* **Exercise description**
Lines containing "Blush" should be pulled from the material below.

* **Material for the task**
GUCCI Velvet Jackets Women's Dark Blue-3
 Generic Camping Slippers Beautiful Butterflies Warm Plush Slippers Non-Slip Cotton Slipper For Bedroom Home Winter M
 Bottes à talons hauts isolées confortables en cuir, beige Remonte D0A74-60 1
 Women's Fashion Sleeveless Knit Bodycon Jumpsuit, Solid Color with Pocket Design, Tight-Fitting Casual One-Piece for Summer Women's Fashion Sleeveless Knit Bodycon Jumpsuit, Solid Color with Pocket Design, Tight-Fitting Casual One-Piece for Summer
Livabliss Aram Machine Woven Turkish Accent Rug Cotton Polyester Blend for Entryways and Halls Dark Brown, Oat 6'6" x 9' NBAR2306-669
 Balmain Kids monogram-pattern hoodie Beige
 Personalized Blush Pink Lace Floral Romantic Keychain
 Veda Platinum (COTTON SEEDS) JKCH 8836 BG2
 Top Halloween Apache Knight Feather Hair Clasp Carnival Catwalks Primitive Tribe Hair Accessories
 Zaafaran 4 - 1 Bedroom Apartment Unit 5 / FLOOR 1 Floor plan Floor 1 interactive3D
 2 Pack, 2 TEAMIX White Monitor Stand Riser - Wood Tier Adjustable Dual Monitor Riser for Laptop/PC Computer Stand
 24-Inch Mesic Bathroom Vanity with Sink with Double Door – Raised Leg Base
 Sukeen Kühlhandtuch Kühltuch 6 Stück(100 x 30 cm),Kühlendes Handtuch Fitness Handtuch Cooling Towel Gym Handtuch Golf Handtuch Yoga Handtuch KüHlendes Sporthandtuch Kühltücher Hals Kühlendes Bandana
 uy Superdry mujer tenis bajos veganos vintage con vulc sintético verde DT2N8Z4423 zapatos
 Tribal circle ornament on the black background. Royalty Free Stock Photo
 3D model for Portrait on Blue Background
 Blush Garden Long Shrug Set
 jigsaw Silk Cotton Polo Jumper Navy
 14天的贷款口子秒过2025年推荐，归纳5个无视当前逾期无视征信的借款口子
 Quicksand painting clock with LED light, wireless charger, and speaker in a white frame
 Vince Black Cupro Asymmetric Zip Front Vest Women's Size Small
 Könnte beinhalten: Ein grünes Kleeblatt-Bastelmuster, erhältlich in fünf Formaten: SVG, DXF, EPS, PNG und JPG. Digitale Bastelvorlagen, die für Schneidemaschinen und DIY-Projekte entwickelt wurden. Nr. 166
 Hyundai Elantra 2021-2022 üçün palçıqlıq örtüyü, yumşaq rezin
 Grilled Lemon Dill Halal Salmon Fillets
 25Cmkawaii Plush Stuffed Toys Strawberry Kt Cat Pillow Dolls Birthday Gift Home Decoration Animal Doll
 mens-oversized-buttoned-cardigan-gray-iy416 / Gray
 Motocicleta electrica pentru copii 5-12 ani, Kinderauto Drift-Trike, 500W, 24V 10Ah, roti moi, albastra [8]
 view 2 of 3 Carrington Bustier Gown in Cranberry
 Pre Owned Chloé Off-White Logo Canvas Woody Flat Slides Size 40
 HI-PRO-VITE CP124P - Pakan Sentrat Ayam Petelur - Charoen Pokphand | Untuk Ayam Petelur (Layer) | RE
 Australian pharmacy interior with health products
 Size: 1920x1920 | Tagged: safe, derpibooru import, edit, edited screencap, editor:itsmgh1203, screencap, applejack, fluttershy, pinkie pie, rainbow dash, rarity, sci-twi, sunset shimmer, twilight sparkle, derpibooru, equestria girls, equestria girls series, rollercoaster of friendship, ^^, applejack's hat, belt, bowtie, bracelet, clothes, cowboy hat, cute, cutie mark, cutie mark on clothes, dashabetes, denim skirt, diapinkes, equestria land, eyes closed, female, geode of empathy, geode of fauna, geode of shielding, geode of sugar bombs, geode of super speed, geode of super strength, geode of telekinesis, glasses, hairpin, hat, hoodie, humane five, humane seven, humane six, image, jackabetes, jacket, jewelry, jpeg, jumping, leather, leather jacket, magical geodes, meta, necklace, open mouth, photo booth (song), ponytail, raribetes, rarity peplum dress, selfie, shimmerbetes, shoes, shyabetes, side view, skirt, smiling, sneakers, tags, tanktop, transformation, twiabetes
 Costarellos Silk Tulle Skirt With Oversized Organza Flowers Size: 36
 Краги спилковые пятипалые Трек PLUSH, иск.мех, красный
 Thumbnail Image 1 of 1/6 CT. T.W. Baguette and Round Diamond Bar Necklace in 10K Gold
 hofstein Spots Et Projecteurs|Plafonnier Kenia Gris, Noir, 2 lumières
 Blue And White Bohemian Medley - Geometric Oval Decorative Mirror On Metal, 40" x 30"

* **Completed task**
 Personalized Blush Pink Lace Floral Romantic Keychain
 Blush Garden Long Shrug Set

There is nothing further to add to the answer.